Recently, I finally broke down and read Stephanie Myer’s Twilight. Around the same time I started reading Sex 180: the next revolution by Chip Ingram and Tim Walker. Strangely enough, they combine to show important things about our culture and sex. According to Sex 180, Hollywood’s way of finding love starts with the physical, goes to emotional, next to social, then to psychological, and lastly to the spiritual. In Twilight, Bella and Edward’s relationship starts out with the physical and their chemistry. She can’t keep her eyes off of this mysterious and gorgeous teenager, and ogles him. Even she can sense that this is bad:
“I couldn’t allow him to have this level of influence over me. It was pathetic.

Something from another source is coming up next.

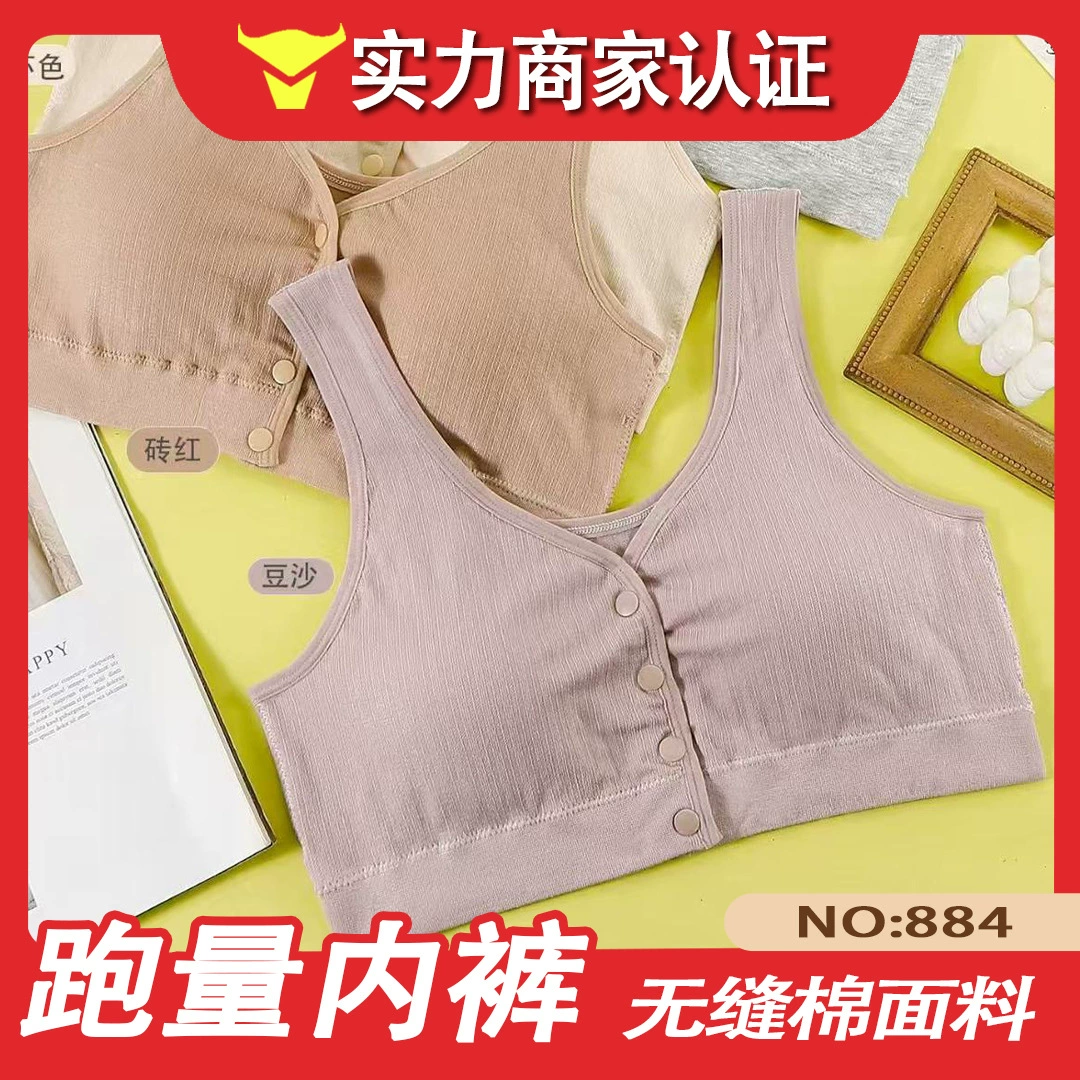 [Фиксированная цена] Хуйинг 884 # Новый приятный для кожи и удобный бесшовный хлопковый жилет с фиксированной пряжкой для пожилых людей.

More than pathetic, it was unhealthy.” p. 74
Yet, Bella completely ignores all of the warning signs about her infatuation with Edward. He warns her that she should stay away, but she does not listen. She believes that he is “bad”–but not “dangerous.” She doesn’t fear that she is Edward’s “heroin”–her smell matches his exact taste for blood. Moreover, they test their limits by kissing frequently and they sleep together, although they do not have sex. Yet their relationship is very physical, and some of theses actions are very sensuous and would normally lead to “going to far.” You see the emotional in their relationship. She falls “irrevocably” in love with him, even though she barely know him. According to Sex 180, the social is meeting friends and family. Bella meets Edward’s family, all of who accept and love her except for Rosie, and Bella finally reluctantly introduces Edward to her dad. In the psychological stage, they question their relationship and Edward thinks it would be better if they did not see each other. By the end of the book, they’re still together, but this relationship if sure to come up with more serious problems. The Spiritual phase is when God is finally part of their relationship–according the Sex 180–usually the wedding. I read that in the Twilight saga, they will not be married until the fourth book. But, even in the first book, there is a troubling aspect: Bella totally loves Edward and wants to become a vampire like Edward, even if it means losing her soul. Let me repeat: Bella totally loves Edward and wants to become a vampire like Edward, even if it means losing her soul. No one is worth giving up your spiritual life for. It shows how unhealthy such relationships can be. In Sex 180, our relationships should be the opposite–a correct triangle with the largest part (the base) on the bottom. Our relationships should be founded with the spiritual first then the Psychological, social, emotional, and–lastly–the physical. This is God’s intention for our relationships, because if God is not holding our love life together, nothing will. This is meant to show how our culture thinks our relationships should be. If you are a Twilight fan, please don’t be offended, but take a closer look at Bella and Edward’s relationships to evaluate if such a relationship would be pleasing to God. On a second look it might appear that vampires, our culture, and God’s laws do not equal true love and God’s plans for sexuality.